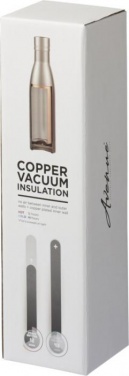 Logotrade corporate gifts photo of: Vasa copper vacuum insulated bottle, 500 ml, black
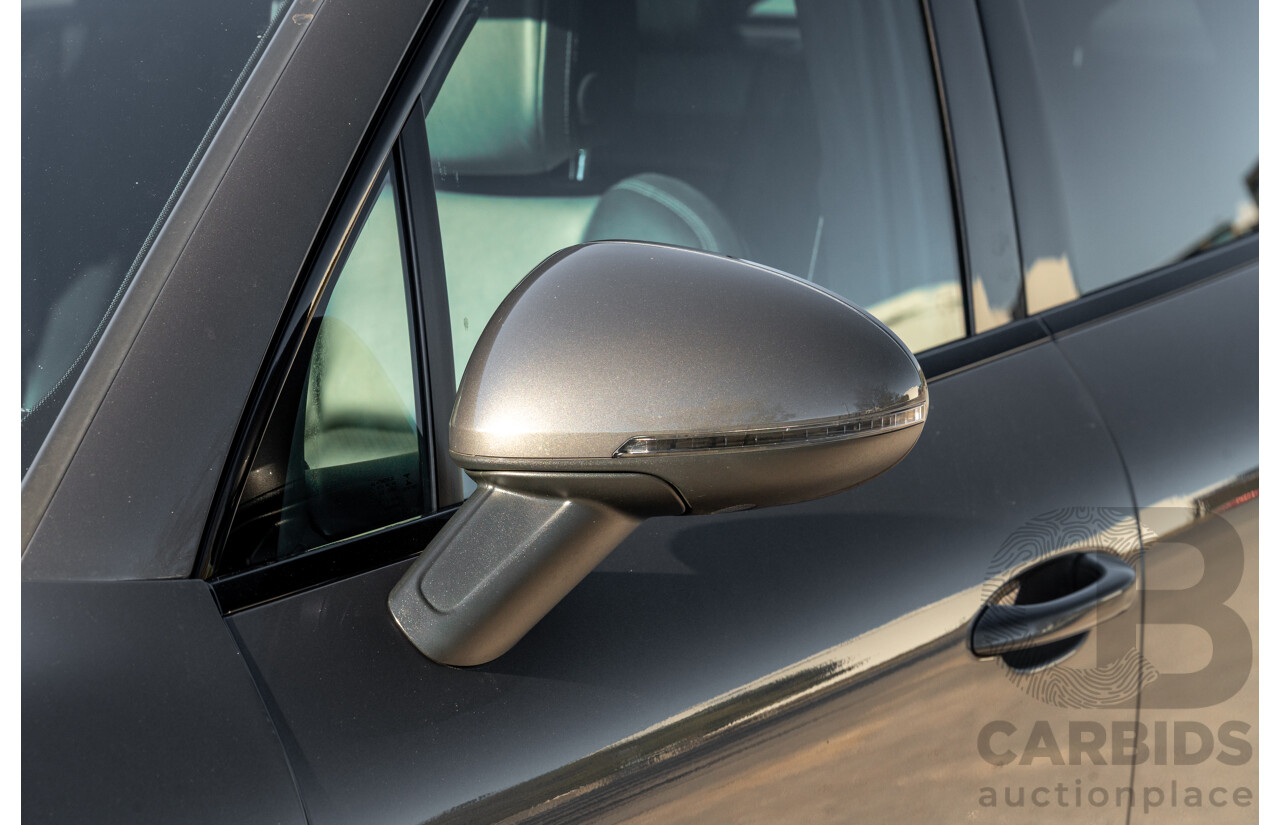 1/2018 Porsche Macan Turbo (AWD) 95B MY18 4D Wagon Agate Grey Metallic Twin Turbo V6 3.6L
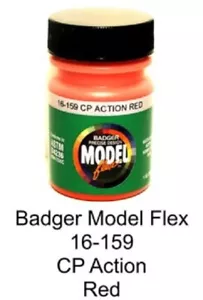 Badger Model Flex 16-159 CP Canadian Pacific Action Red 1 oz Acrylic Paint - Picture 1 of 1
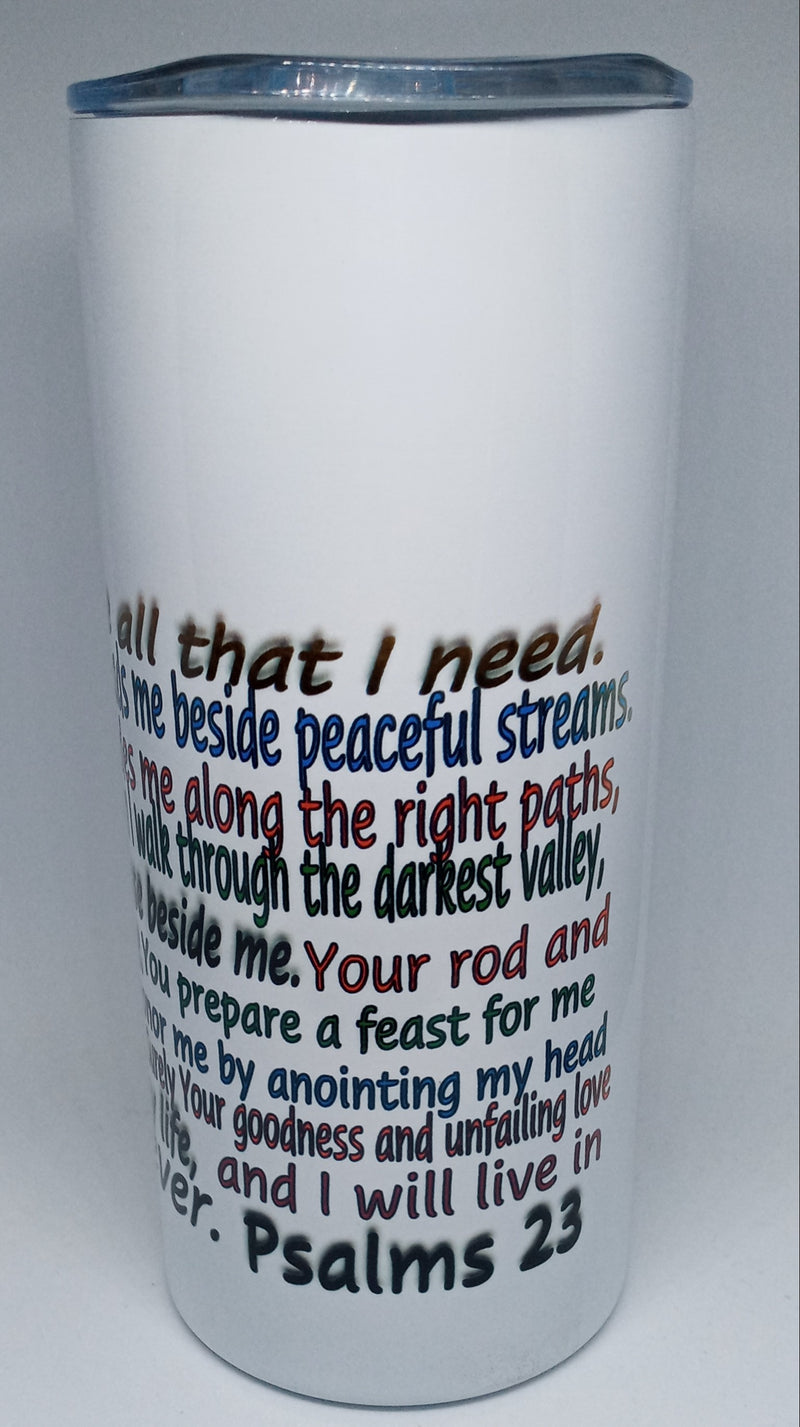 PSALMS 23 - 16OZ INSULATED TUMBLER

> **Exercise prompt**:
Leaving out every picture, extract verbatim the lines from the one containing "Badger Model Flex" through the last line of the listing, inclusive.

> **Solution for this task**:
 Badger Model Flex 16-159 CP Canadian Pacific Action Red 1 oz Acrylic Paint - Picture 1 of 1
 PSALMS 23 - 16OZ INSULATED TUMBLER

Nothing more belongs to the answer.